全身が石に変成すると、重心はさらに地下へ移動する。
地下1メートルにある重心とともに動く。
重心が地下2メートル、3メートルと下がり続ける。
からだが地下の岩にまで拡大する。
やがて地下5メートルにある重心とともに動く山になる。
地下の岩盤ごと動く。
地下の世界のあらゆるクオリアを引き連れて動く。
泰山が鳴動するがごとく動く。

全山の歩行

ヒマラヤの山になる。
山に起こるあらゆる事象を運ぶ。
山腹の雪渓で雪崩が起こる。
大小さまざまな規模で雪崩が起こる。
氷結によって盛るあがる部分が出てくる。
どこまでも盛り上がる。
山の森の中をさまざまな生き物が動く。
ヤギの群れが移動し、それを追って狼の群れが走る。
獣が走り、蛇が這う。
蛇が体の一部に入り、蛇に変成する。
鳥が飛ぶ。
鳥の群れが手に入り、手が鳥の群れに変成する。
徐々に体の各部が鳥の群れになる。烏合体。
雲がたなびき、体の一部が気化して雲になる。
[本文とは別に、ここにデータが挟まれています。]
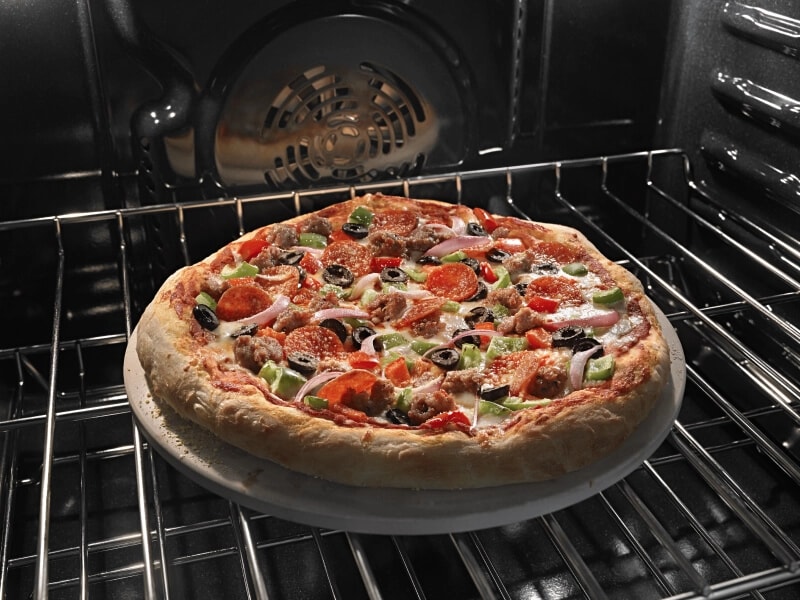 A supreme pizza baking on a pizza stone on an oven rack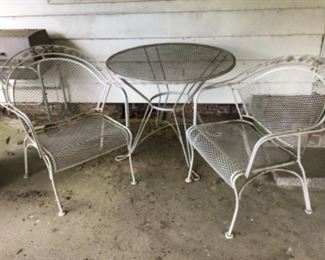 Two metal chairs and table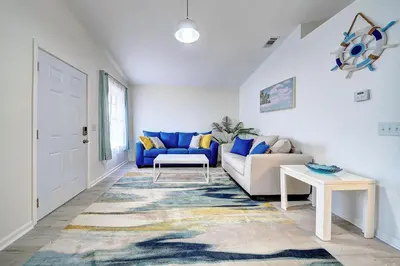 a living room with a blue couch and a table at Lagoon 2621 by Nautical Properties in Panama City Beach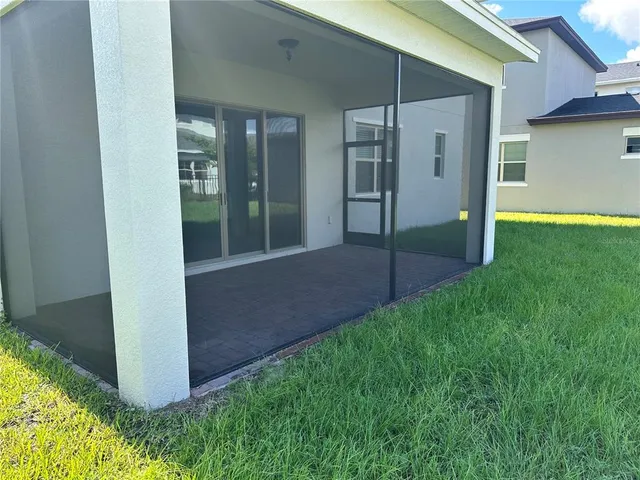 a view of a backyard of a house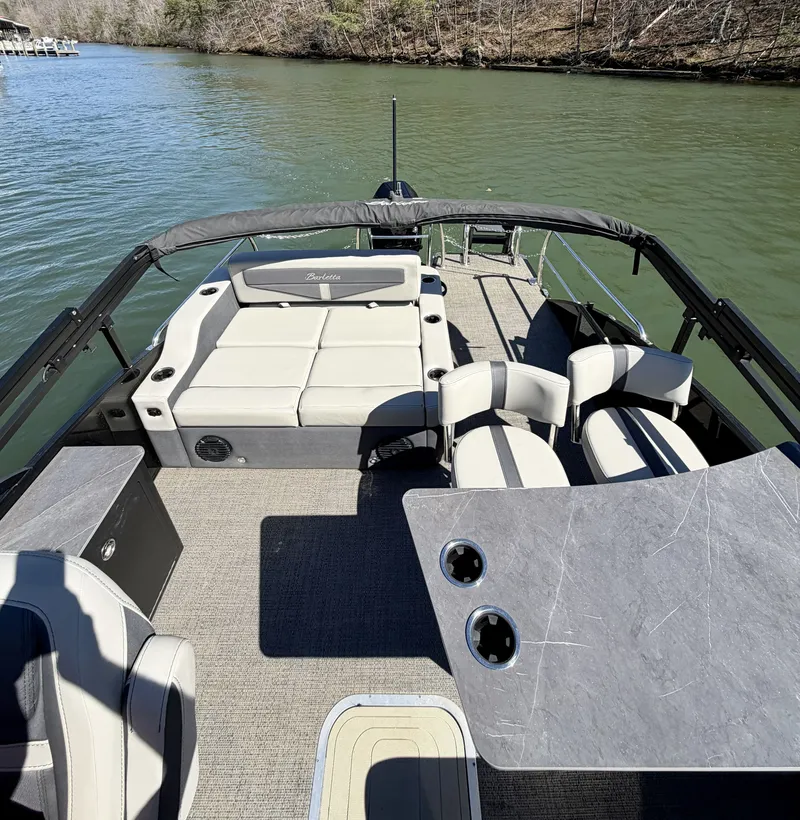 Slide: The Image of The image shows a 2024 Barletta Cabrio 24 UE pontoon boat on calm water. It features spacious seating with comfortable cushions and a table with cup holders. The surroundings are tree-lined. - 8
霧になってたなびく。
風が起こり、嵐が吹きすさぶ。
地すべり、落雷、山火事、地震、…あらゆる天変地変。
それら山に起こるあらゆる事象を運ぶ。
山の歩行をベースにした巣の歩行となる。
そこから見たこともない変成が始まる。

キメラになる


山の一部から変成が起こり、全身に波及していく。
このリゾーミングのプロセスが進むとき、からだの残りの部分はまだ当初の山のままである。
ひとつのからだに異なるクオリアが同居する、キメラを踊る。
ライオンの頭、蛇の尾、ヤギの胴をもち、口から火を吹くギリシア神話の怪獣のように
この世には属さぬものになる。
この技法によって、世界でたった一つしかない創造が無限に可能になる。
恐れることなくキメラを踊れ。
そこは創造の宝庫だ。

山の目を開く

山に成りこみ、山の目で人間世界を眺める。
ヒマラヤの山のように、ただ静かに下界を眺める。
これもひとつの他界からのまなざしである。
死せる世界のまなざしで、生きた世界を見る。
生とは何か、死とは何か、
見る人をことごとくこの問いに引きずりこむ。
死に真向かうときにだけ、人は生とは何かを知る。
さまざまな死体に変成する舞踏に触れることによって
人は生とは何かに気づく。
そして、日常に縛られた生き方だけではなく、
こうも生きれる、ああも生きれることに気づく。

無限の多様な生き方に満ちた世界への変成がそこから始まる。
舞踏を踊るとは命の創造を体現しえたものが、命にお返しをする営みなのだ。


山の歩行から異次元に転生する

山を運ぶ、山のまなざしを運ぶ。
山の巣から、さまざまなクオリアが増幅され、べつのからだにに変成する。
異次元が開かれ、体ごと転生する。
山はあらゆるものと共振しているから、
無数のものへ、変成することができる。
雪崩から粘菌へ、
霧の歩行から水中体へ、
植物の原初体から獣体へ、
山が気化する。
山が液化する。
無数のサブボディ、コーボディへ変成する。
さまざまな死せるもののまなざしで、生きとし生けるものの世界を眺める。

さまざまな歩行練習の中で、命に聴き、
自分のサブボディにとってベースとなる歩行を見つける。
石の歩行、山の歩行を身につければ、君の踊りの幅を大きく広げてくれるだろう。